G20「日本は例外」って何?
(日刊ゲンダイ2010/6/29)

仲間外れなのか、管首相の高等戦術なのが
27日、先進国が2013年までに「財政赤字を半減する」目標を盛り込んだ首脳宣言を採択したG20サミット。菅首相が首脳たちの記念撮影でモタつく場面が見られたが、菅首相の外交デビューの評価はどうだったのか。
「一言で言えば、菅首相はサミットで相手にされていませんでした」 国際事情に詳しいジャーナリストがこう指摘する。
「海外メディアの多くは、1000兆円近い巨額赤字を抱える日本の財政再建策など本気で信じていません。
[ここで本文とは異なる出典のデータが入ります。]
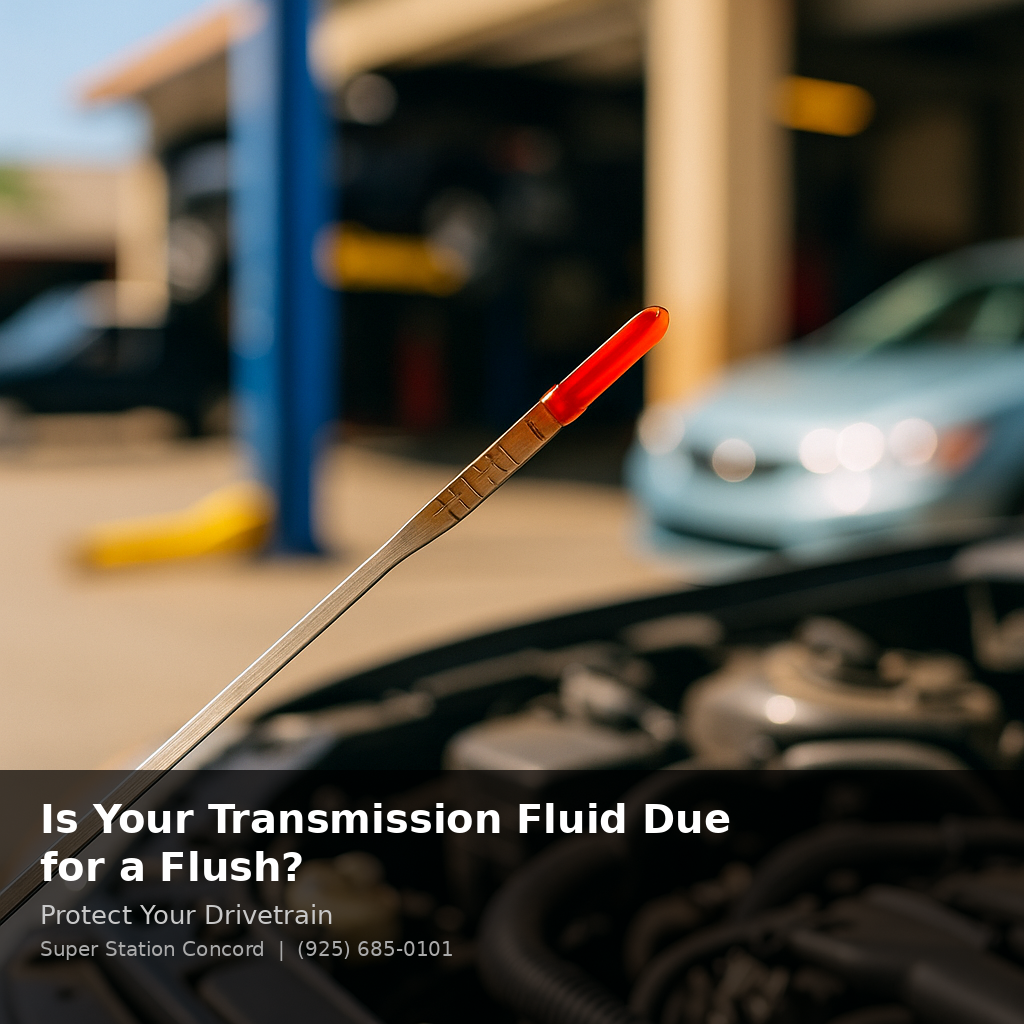 Is Your Transmission Fluid Due for a Flush?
むしろ日本の政治の体たらくに黙っていられないようで、首相がコロコロ代わる状況を皮肉って『菅氏はわずか3年で5人目の首相であり、“回転ドア指導者”』と笑いのネタにしています」 ずいぶんコケにされたものだが、原因は長期の債務残高がGDPの約2倍もあり、世界で最悪の状況にあるせいだ。
海外メディアは、「他の先進国に比べて“質の悪い”財政状況を浮き彫りにした」(ロイター通信)などと酷評している。
たしかに、菅首相がサミットで説明した財政健全化計画は、国と地方の「基礎的財政収支」について15年度までに赤字比率(対GDP)を半減するもので、そもそも首脳宣言の13年に間に合わない。
「欧米先進国はこんな危ない日本と同じに見られるのを嫌って、首脳宣言を守らなくてもよしとする“例外”扱いにし、体よく仲間外れにしたのです」(前出のジャーナリスト)
菅首相がサミットの席で説明した消費税10%を含む財政運営戦略は首脳宣言に明記されたが、これも体のいい扱いだ。
東海東京証券チーフアナリストの斎藤満氏がこう言う。
「イタリアやギリシャの借金はGDPの110%程度ですから、サミットに出席した各国が日本を警戒するのは当然といえます。ゴルフにたとえれば、ハンディ36以下で回れないゴルファーと同じで、コースに出られないのです。さすがにサミットから追い出すわけにはいかないので、“例外”としたのです」
この「例外的」扱いは、消費税10%をサミットの手土産にした菅首相の高等戦術なのか。それとも本当に仲間外れなのか。その答えは、今後の株価や為替相場で占うしかない。